§ **Record set**

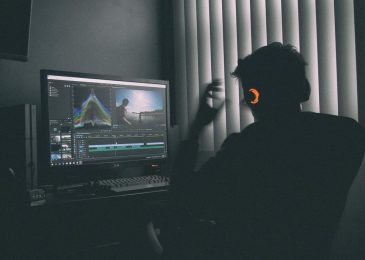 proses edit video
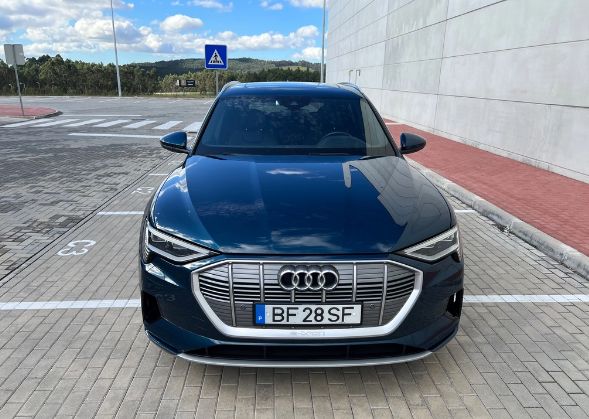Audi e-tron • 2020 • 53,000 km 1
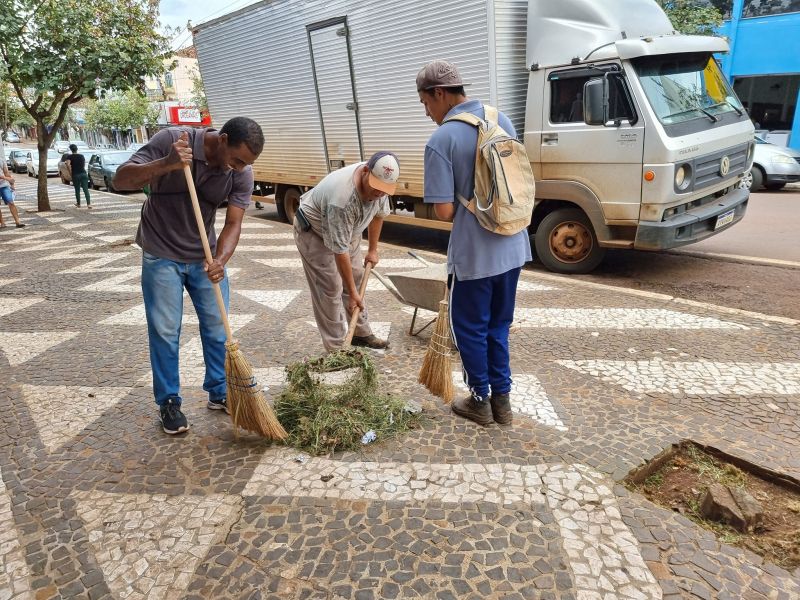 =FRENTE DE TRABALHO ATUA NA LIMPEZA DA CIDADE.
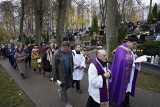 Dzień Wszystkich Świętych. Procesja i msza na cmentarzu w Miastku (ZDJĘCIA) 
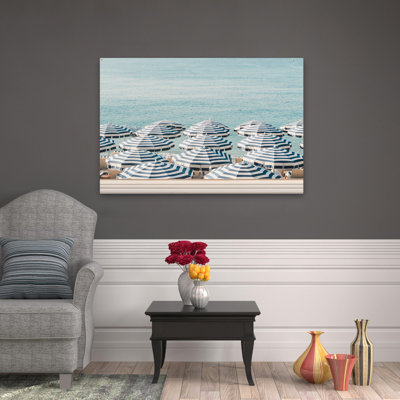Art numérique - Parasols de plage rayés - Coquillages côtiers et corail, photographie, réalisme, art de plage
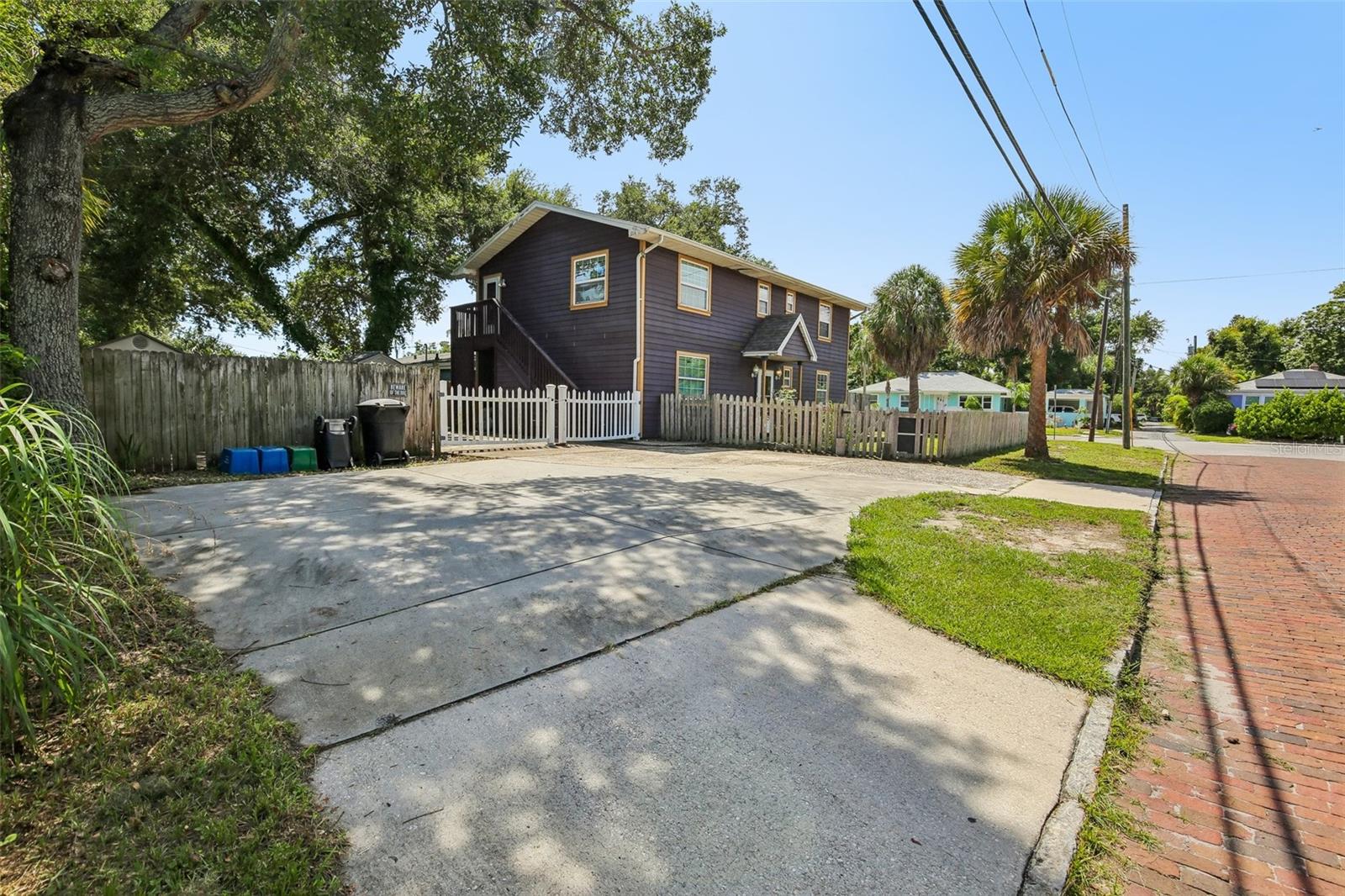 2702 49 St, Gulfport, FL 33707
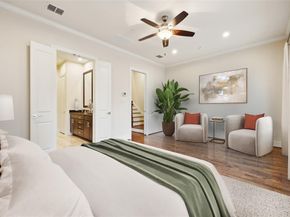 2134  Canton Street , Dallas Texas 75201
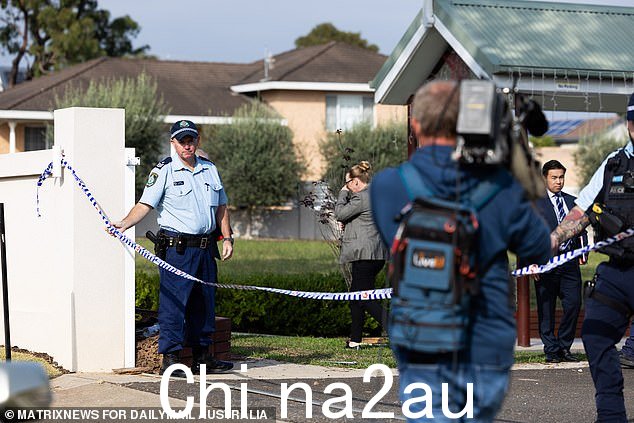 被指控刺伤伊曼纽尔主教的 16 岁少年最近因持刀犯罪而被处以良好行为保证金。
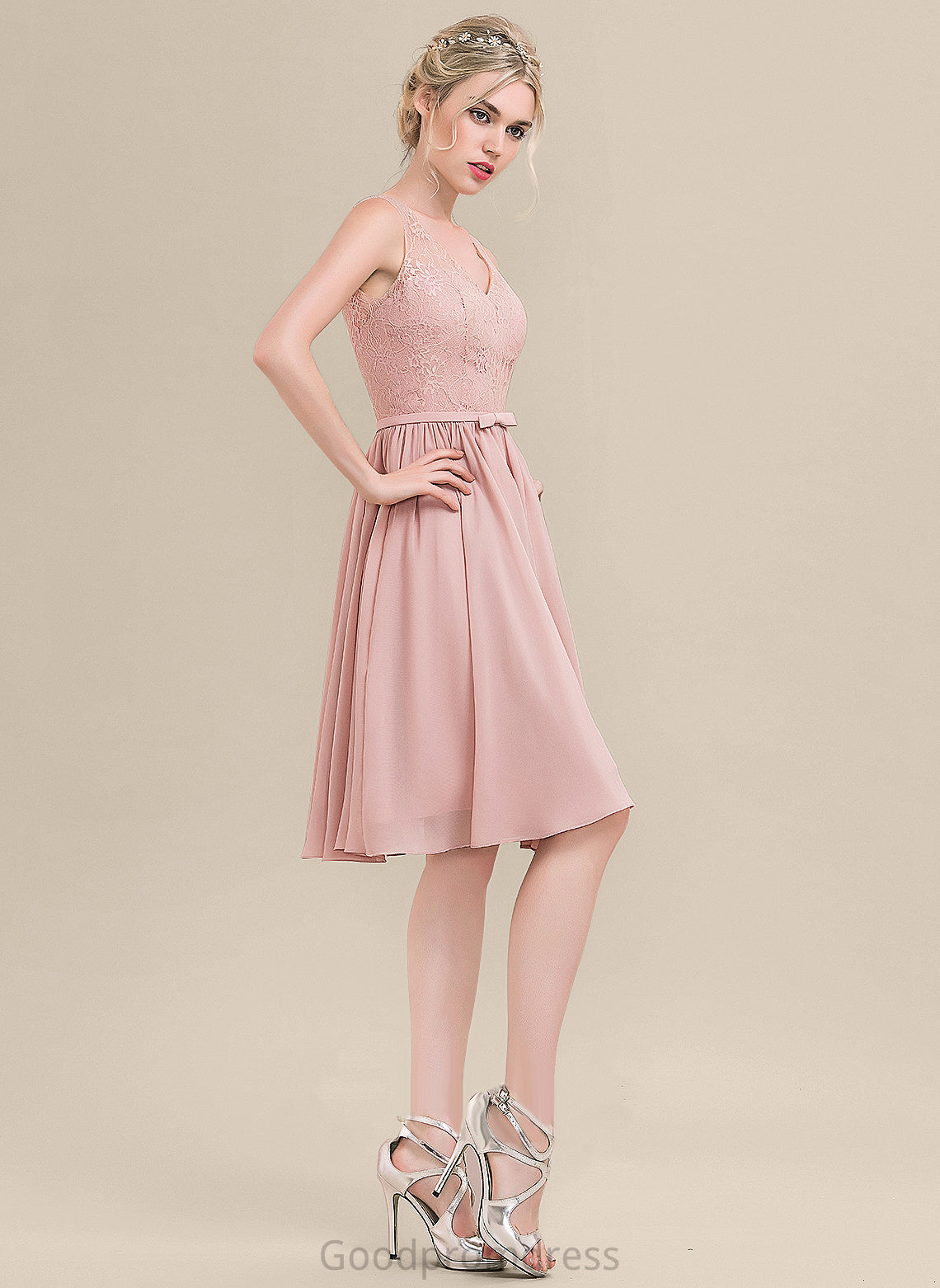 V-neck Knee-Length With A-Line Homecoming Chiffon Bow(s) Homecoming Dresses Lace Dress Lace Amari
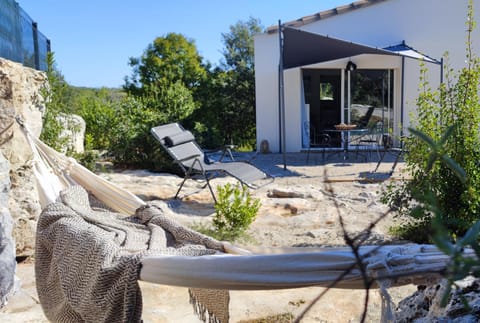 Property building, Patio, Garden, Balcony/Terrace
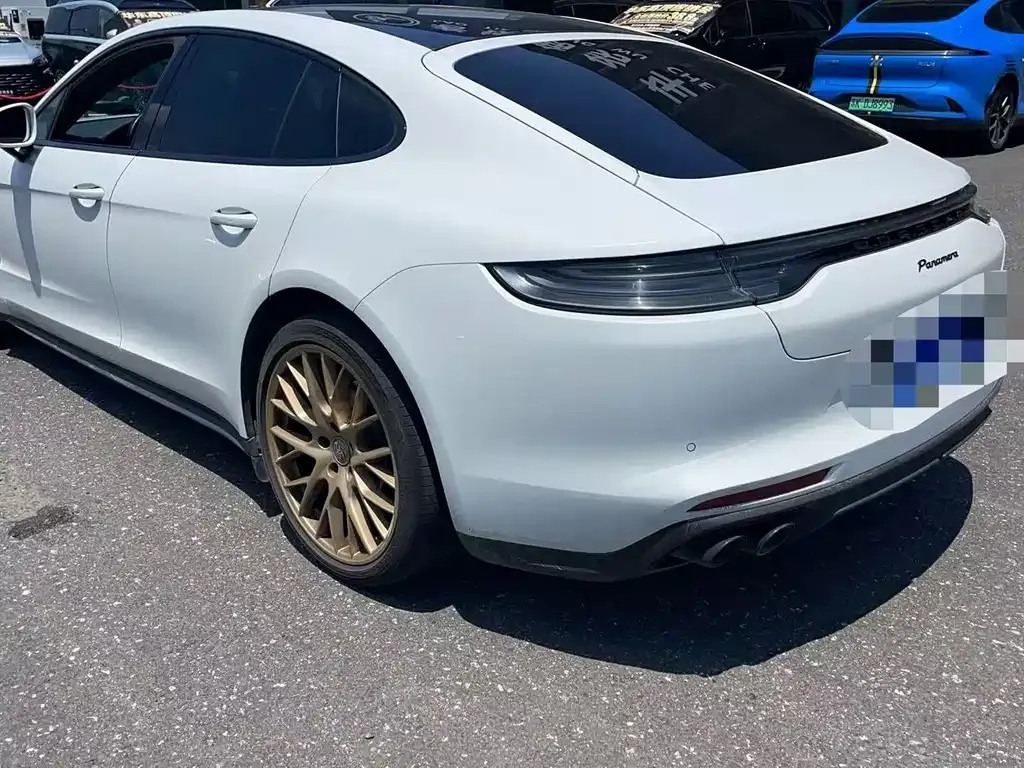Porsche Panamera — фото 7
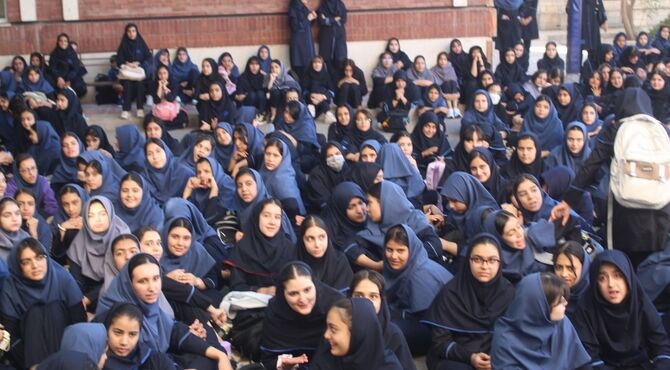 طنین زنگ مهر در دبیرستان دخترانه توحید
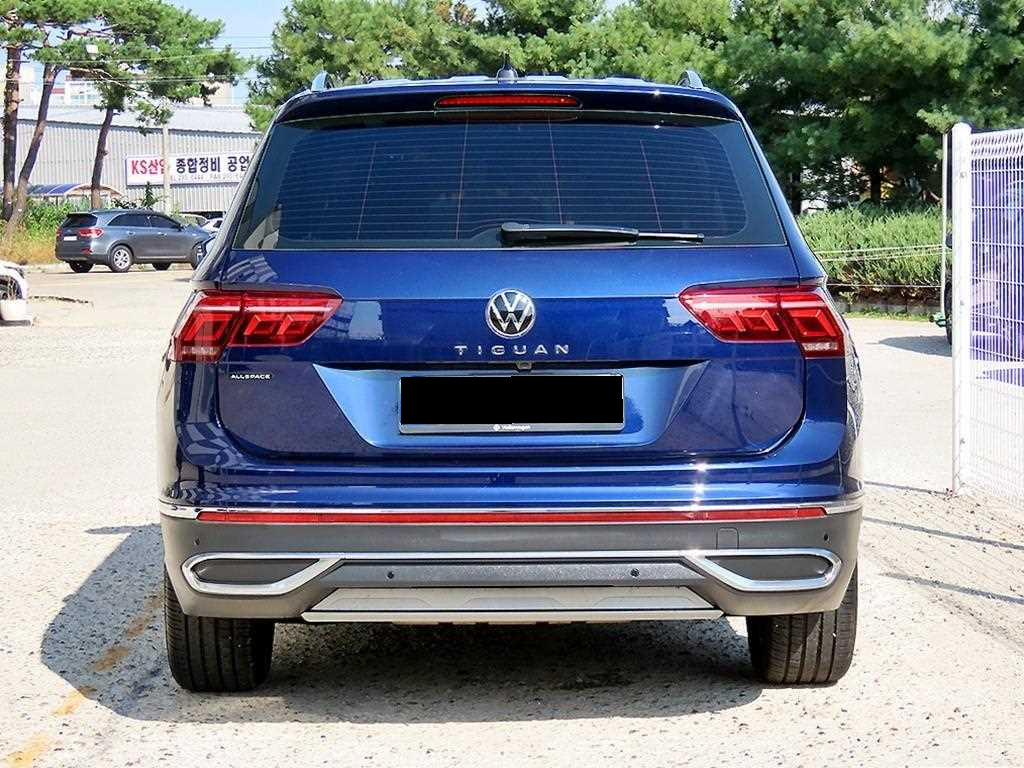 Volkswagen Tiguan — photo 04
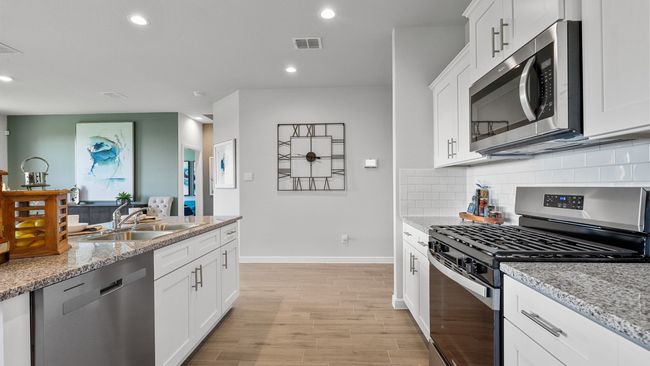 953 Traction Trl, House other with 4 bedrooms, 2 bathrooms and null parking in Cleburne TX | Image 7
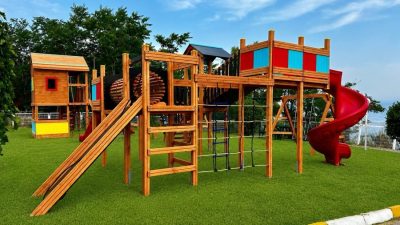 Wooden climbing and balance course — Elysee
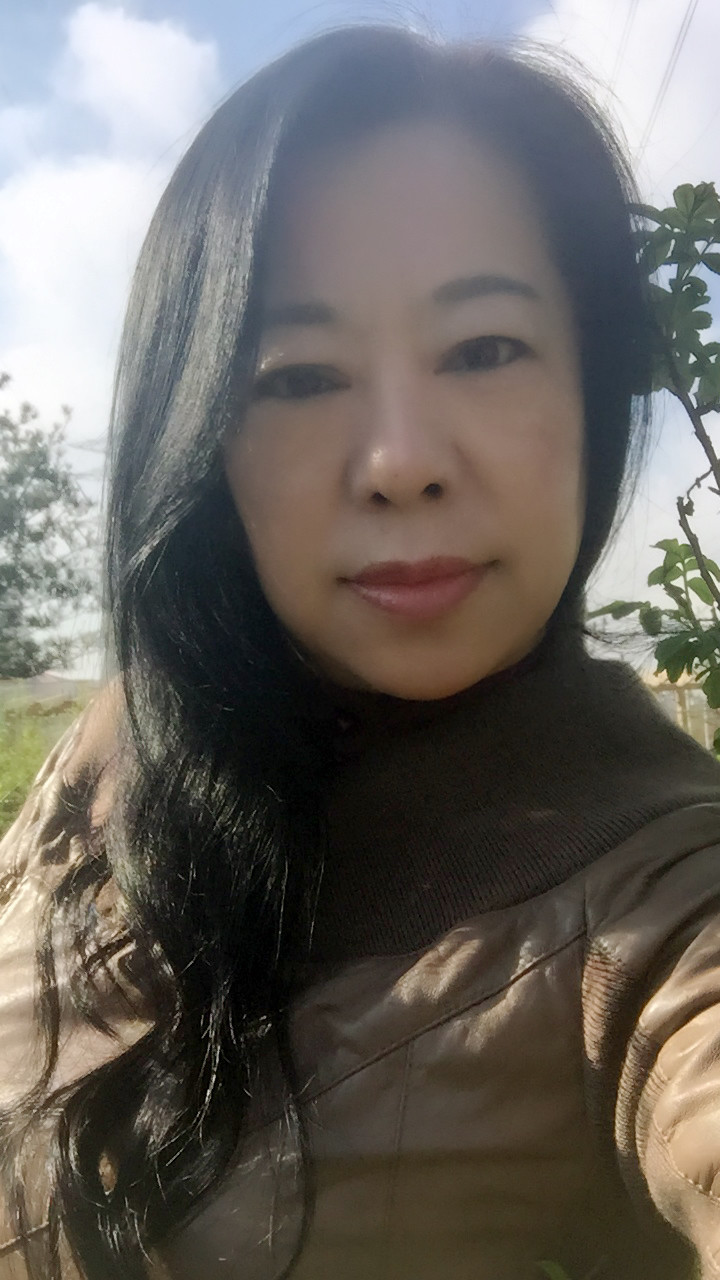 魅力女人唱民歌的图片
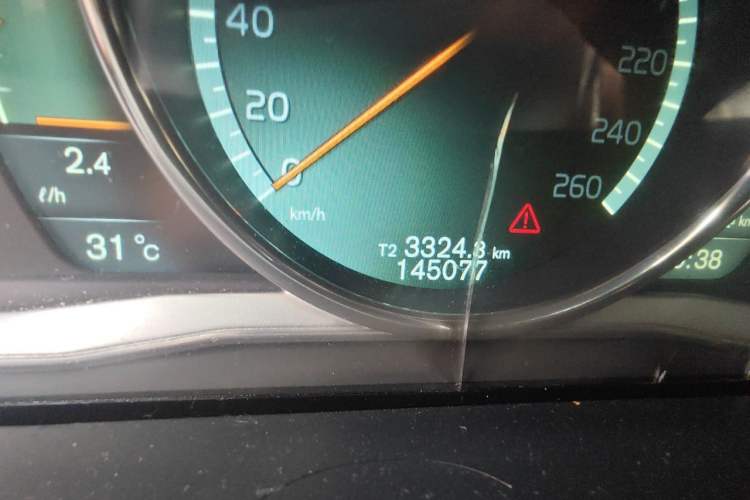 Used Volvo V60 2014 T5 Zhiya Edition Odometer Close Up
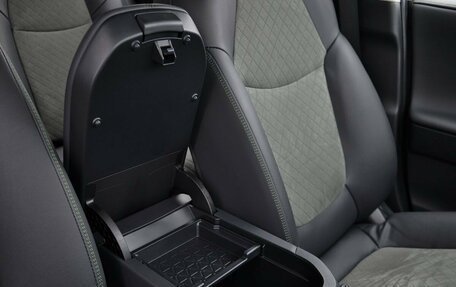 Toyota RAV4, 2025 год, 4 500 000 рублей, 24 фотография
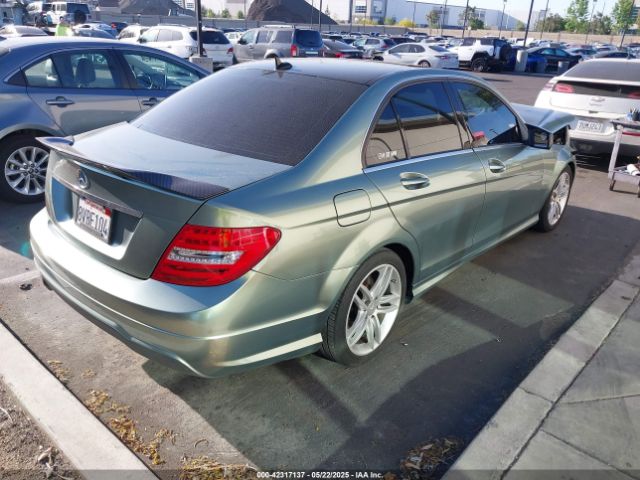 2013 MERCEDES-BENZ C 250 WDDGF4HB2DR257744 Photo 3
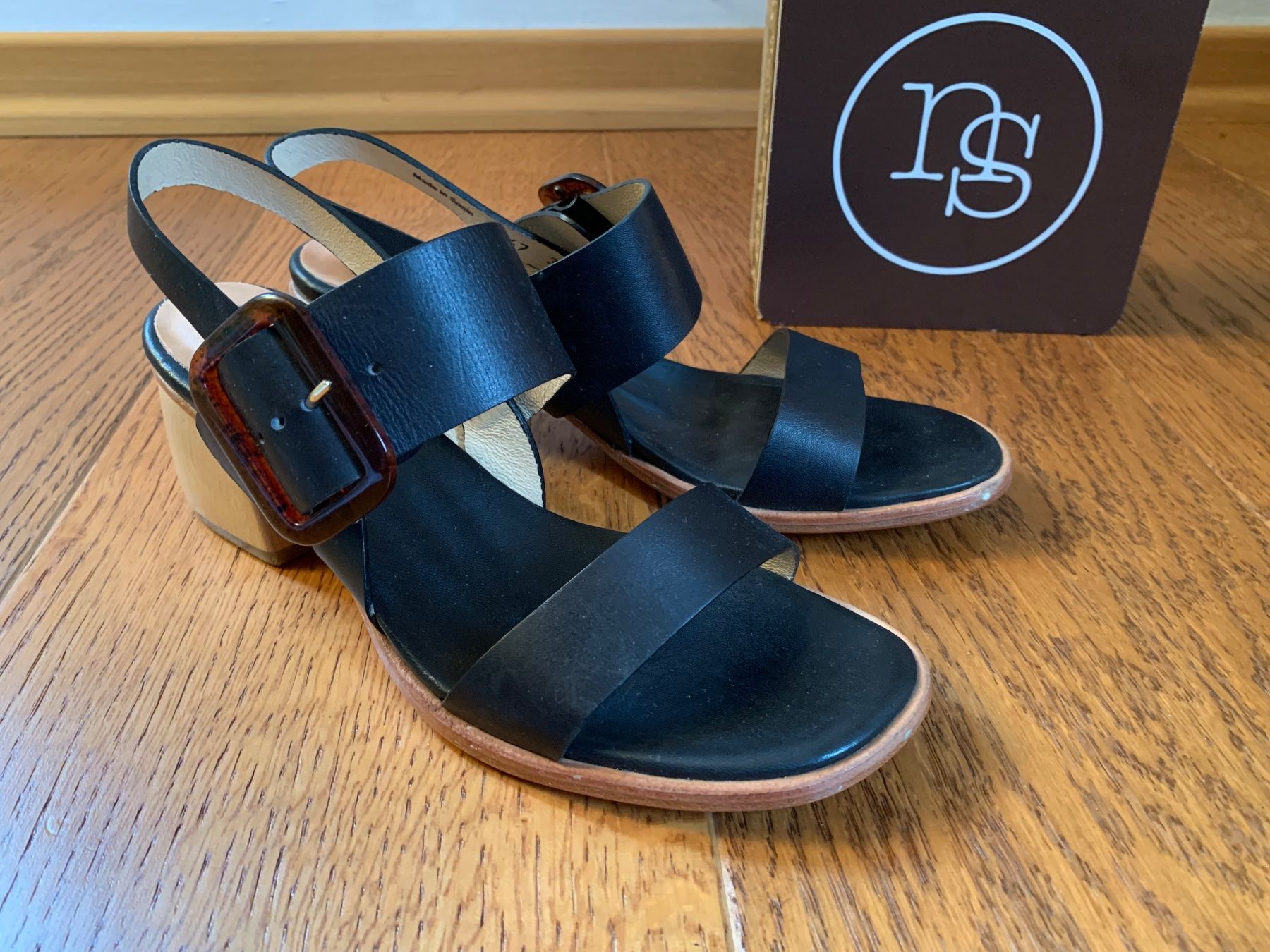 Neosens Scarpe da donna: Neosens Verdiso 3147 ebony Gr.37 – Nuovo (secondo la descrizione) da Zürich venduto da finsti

§ **Goal of the exercise**
Exactly as written, give the entries above again, with no images.

§ **Solution to the exercise**
 proses edit video
Audi e-tron • 2020 • 53,000 km 1
 =FRENTE DE TRABALHO ATUA NA LIMPEZA DA CIDADE.
 Dzień Wszystkich Świętych. Procesja i msza na cmentarzu w Miastku (ZDJĘCIA) 
Art numérique - Parasols de plage rayés - Coquillages côtiers et corail, photographie, réalisme, art de plage
 2702 49 St, Gulfport, FL 33707
 2134  Canton Street , Dallas Texas 75201
 被指控刺伤伊曼纽尔主教的 16 岁少年最近因持刀犯罪而被处以良好行为保证金。
 V-neck Knee-Length With A-Line Homecoming Chiffon Bow(s) Homecoming Dresses Lace Dress Lace Amari
 Property building, Patio, Garden, Balcony/Terrace
Porsche Panamera — фото 7
 طنین زنگ مهر در دبیرستان دخترانه توحید
 Volkswagen Tiguan — photo 04
 953 Traction Trl, House other with 4 bedrooms, 2 bathrooms and null parking in Cleburne TX | Image 7
 Wooden climbing and balance course — Elysee
 魅力女人唱民歌的图片
 Used Volvo V60 2014 T5 Zhiya Edition Odometer Close Up
 Toyota RAV4, 2025 год, 4 500 000 рублей, 24 фотография
 2013 MERCEDES-BENZ C 250 WDDGF4HB2DR257744 Photo 3
 Neosens Scarpe da donna: Neosens Verdiso 3147 ebony Gr.37 – Nuovo (secondo la descrizione) da Zürich venduto da finsti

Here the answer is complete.